Торговец был военным человеком, товар был военной добычей — и место хранения товара, естественно, было военным лагерем. Это прежде всего сказалось опять-таки в языке: слово товар обозначало у древнерусского летописца, во-первых, всякое вообще имущество. Напав на усадьбу князя Игоря Ольговича, его противники нашли там «готовизны много» — много, в том числе, «тяжкого товару всякого, до железа и до меди», так что и на телегах его было не увезти. Причем часть имущества, предназначенная для продажи — «товар» в нашем смысле, — совершенно не выделялась из общей массы. Новгородская летопись рассказывает, как князь Мстислав Мстиславич («Удалой»), напав на Торжок, захватил там дворян своего конкурента Святослава Всеволодовича, и «оковал» их: «А товара их кого рука дойдет». Рука князя Мстислава была длинная, и его соперник — вернее, его отец, так как сам Святослав был малолетний — эту руку почувствовал. Сначала он попытался было ответить репрессалиями, задержав новгородских гостей с их товарами. Но когда Новгород, в свою очередь, ответил на это арестом Святослава и остатка его свиты, Всеволод пошел на мир. «И пустил Мстислав Святослава и муж его, а Всеволод пусти гость с товары». Это полное нежелание отличать потребительскую ценность от меновой чрезвычайно характерно для эпохи натурального хозяйства, но для прослеживаемой нами связи еще характернее другое смешение. Когда Владимир Святой, отправившись воевать с печенегами, получил приглашение печенежского князя решить спор поединком двух бойцов, русского и печенежского, он «пришед в товары, посла по товаром бирюча», спрашивая: нет ли такого мужа, который бы взял на себя драться с печенегом? Нигде, может быть, политика, как оболочка экономики, не выступает перед нами с таким наивным простодушием. Экономическое содержание понятия выветрилось; от торговца, опоясанного мечом, остался уже только один меч, но звуки остались старые и предательски разъясняют нам, зачем этот меч понадобился, предательски напоминают нам о том времени, когда военный стан русского князя был просто стоянкой разбойников, хоронивших здесь награбленное ими добро, которым они готовились торговать в чужих землях.
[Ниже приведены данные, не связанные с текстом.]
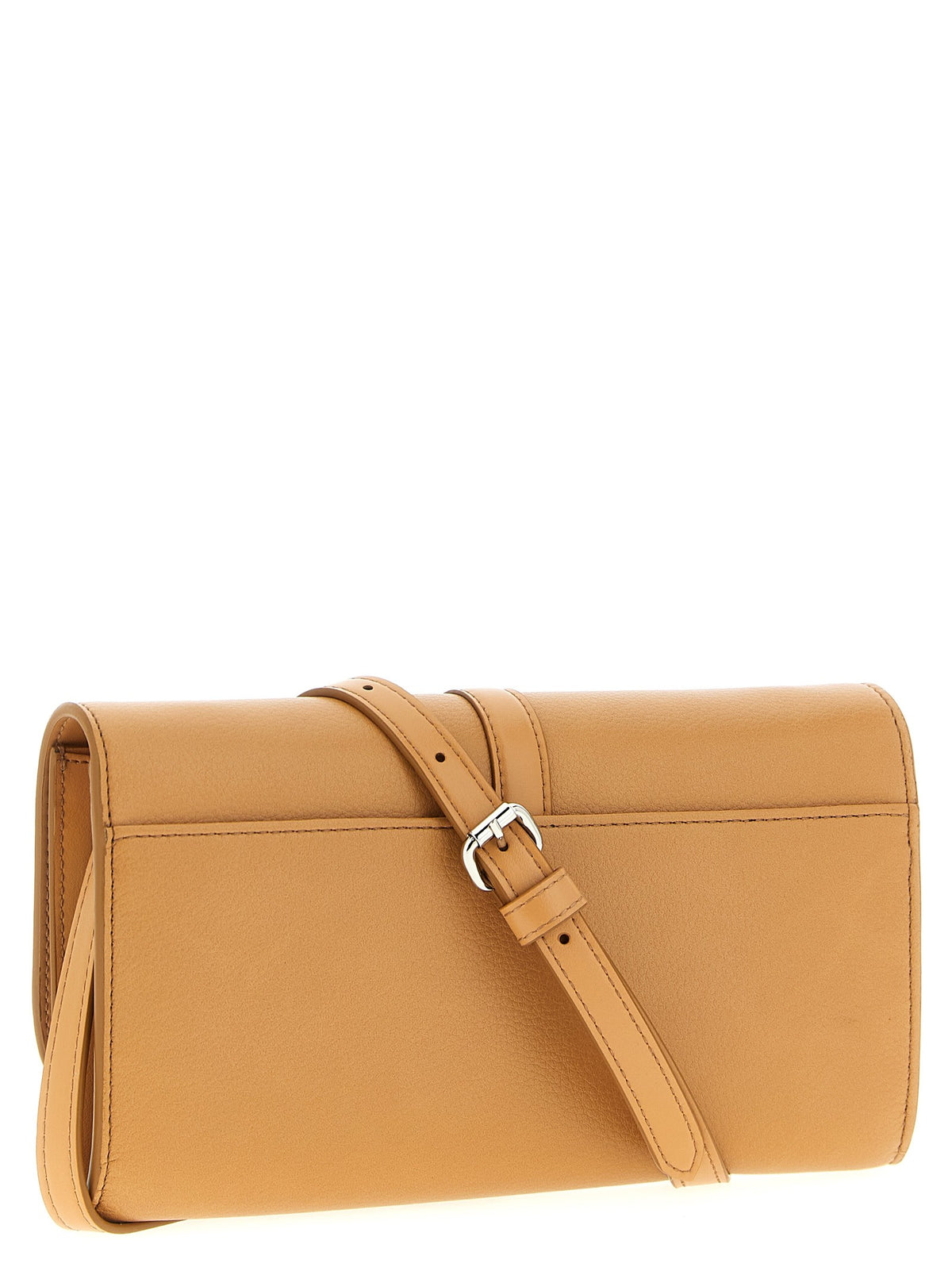 stella mccartney - 'Ryder' wallet on chain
Это совмещение торгового склада с казармой держалось очень упорно, долгое время после того, как если не первоначальное добывание «товара», то по крайней мере его дальнейшие передачи совершались уже в мирных, легальных нормах. Вот какими чертами описывает поселок немецких купцов в Новгороде один русский историк. «Как места, предназначенные для того, чтобы служить безопасным убежищем, оба двора, и готский и немецкий, были огорожены высоким тыном, поддержание которого было одним из постояннейших забот немецкого купечества. Крепкие ворота поддерживали общение этих иноземных цитаделей с остальным населением чуждого и нередко враждебного им города… Порядок, господствовавший во дворе, поддерживался строго: приняты были все меры, чтобы никто не нарушал законов, клонившихся к этой цели. Особенное внимание было обращено на внешнюю безопасность двора. Денно и нощно охраняли двор сторожа, и кто из кнехтов пренебрегал своей обязанностью, тот платил 15 кун, или же подвергался ответственности хозяин, если пренебрежение последовало по его вине. Кроме того, вечером спускаемы были большие цепные собаки, которые грозили разорвать всякого испрошенного пришельца. Церковь, как складочное место, была предметом особенного попечения. Каждую ночь спали в ней два человека, которые отнюдь не могли быть ни братьями, ни компаньонами, ни слугами одного и того же хозяина, и тот, кто водил их вечером в церковь, должен был запирать за ними дверь и ключи вручать ольдерману. Церковная стража совершалась по очереди и распространялась одинаково на жилища, находившиеся как на дворе, так и вне последнего. Те, которые держали последнюю стражу, должны были во время трапезы напомнить о предстоящей обязанности тем, которые следовали за ними непосредственно. Кроме собственно внутренних церковных стражей у ворот храма стоял еще, в продолжение целой ночи, третий и смотрел, чтобы никто из туземцев не пробрался в соседство церкви: боязнь последних была так велика, что запрещалось, под страхом наказания, носить ключ так открыто, чтобы его можно было видеть»[45].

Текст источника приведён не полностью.